▶ **Problem to solve**: In the entries below, identify every line with the string "Kids" and copy it.

(Recorded data)
⟨

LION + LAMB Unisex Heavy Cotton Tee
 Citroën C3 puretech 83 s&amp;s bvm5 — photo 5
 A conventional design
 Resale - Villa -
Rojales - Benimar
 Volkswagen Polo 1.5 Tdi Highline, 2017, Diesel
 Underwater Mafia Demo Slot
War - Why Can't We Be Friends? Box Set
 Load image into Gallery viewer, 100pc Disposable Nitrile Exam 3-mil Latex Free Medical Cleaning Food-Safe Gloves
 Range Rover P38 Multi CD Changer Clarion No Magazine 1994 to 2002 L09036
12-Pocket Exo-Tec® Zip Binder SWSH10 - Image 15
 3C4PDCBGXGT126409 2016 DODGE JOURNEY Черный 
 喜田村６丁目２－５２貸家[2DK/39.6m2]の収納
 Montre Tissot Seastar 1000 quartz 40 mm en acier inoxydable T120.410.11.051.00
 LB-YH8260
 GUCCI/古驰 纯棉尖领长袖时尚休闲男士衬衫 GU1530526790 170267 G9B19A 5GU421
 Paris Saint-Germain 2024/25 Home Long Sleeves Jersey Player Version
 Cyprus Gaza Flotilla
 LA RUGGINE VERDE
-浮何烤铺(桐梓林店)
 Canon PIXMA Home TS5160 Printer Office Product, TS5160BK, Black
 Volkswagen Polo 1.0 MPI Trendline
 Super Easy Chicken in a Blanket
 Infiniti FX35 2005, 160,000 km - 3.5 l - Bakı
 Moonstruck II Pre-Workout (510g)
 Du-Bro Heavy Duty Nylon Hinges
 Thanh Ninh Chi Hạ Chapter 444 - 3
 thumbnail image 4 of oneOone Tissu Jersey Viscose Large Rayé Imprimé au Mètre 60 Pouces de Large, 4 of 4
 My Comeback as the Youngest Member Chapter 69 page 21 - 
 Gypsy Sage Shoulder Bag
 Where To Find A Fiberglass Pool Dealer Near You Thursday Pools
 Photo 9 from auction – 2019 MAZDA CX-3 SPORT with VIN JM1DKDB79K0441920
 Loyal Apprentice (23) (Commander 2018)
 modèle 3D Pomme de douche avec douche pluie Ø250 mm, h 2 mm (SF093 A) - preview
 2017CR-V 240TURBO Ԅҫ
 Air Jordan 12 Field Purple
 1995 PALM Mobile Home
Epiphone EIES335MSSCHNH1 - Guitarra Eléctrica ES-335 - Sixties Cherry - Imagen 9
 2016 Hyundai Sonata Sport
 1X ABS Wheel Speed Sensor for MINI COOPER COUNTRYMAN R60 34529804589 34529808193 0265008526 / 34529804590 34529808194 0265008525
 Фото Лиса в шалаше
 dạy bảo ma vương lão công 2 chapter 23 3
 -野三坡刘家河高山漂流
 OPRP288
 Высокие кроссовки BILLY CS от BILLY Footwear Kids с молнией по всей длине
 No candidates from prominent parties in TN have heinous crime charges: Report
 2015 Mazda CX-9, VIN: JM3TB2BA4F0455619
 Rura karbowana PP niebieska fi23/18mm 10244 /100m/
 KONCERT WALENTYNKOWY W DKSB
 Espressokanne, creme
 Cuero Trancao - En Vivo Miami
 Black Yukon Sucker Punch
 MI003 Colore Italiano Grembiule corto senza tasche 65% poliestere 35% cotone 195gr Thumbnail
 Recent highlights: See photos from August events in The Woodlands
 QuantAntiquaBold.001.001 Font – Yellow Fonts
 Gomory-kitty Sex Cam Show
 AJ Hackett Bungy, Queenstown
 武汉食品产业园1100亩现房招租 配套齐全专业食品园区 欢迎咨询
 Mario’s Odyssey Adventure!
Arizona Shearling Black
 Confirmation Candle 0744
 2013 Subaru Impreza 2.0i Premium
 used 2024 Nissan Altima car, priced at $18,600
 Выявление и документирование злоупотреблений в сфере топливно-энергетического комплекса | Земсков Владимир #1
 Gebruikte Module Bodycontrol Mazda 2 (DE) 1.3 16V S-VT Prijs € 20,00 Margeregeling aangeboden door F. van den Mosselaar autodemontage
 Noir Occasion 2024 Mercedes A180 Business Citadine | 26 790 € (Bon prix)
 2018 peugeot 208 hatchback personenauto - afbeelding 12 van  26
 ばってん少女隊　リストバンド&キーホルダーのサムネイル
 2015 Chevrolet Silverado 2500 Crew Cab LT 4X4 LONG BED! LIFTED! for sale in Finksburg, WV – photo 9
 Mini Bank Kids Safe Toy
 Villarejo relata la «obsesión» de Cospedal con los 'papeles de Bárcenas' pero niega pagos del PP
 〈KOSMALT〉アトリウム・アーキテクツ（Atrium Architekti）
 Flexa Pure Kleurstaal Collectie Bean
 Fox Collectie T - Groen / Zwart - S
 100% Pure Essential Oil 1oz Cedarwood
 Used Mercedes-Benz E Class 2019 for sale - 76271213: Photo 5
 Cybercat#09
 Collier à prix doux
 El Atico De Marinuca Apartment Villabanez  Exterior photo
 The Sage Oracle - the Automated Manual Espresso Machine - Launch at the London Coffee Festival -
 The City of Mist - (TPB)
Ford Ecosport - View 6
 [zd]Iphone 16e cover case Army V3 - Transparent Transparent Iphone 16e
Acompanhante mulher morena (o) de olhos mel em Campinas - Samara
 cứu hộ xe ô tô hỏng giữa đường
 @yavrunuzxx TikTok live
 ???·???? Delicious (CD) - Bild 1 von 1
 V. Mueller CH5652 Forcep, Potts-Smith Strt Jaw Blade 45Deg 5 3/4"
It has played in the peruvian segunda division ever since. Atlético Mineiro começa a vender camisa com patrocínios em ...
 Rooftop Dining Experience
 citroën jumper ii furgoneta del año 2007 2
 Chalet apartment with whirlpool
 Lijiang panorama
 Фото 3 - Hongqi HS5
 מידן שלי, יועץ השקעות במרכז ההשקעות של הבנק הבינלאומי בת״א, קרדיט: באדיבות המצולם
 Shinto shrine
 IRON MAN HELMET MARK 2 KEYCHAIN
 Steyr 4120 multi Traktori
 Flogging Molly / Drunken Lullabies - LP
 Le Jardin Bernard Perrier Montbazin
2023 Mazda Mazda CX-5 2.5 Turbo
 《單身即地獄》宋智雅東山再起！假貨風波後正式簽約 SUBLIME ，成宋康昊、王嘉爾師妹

⟩

▶ **Written reply**:
 Высокие кроссовки BILLY CS от BILLY Footwear Kids с молнией по всей длине
 Mini Bank Kids Safe Toy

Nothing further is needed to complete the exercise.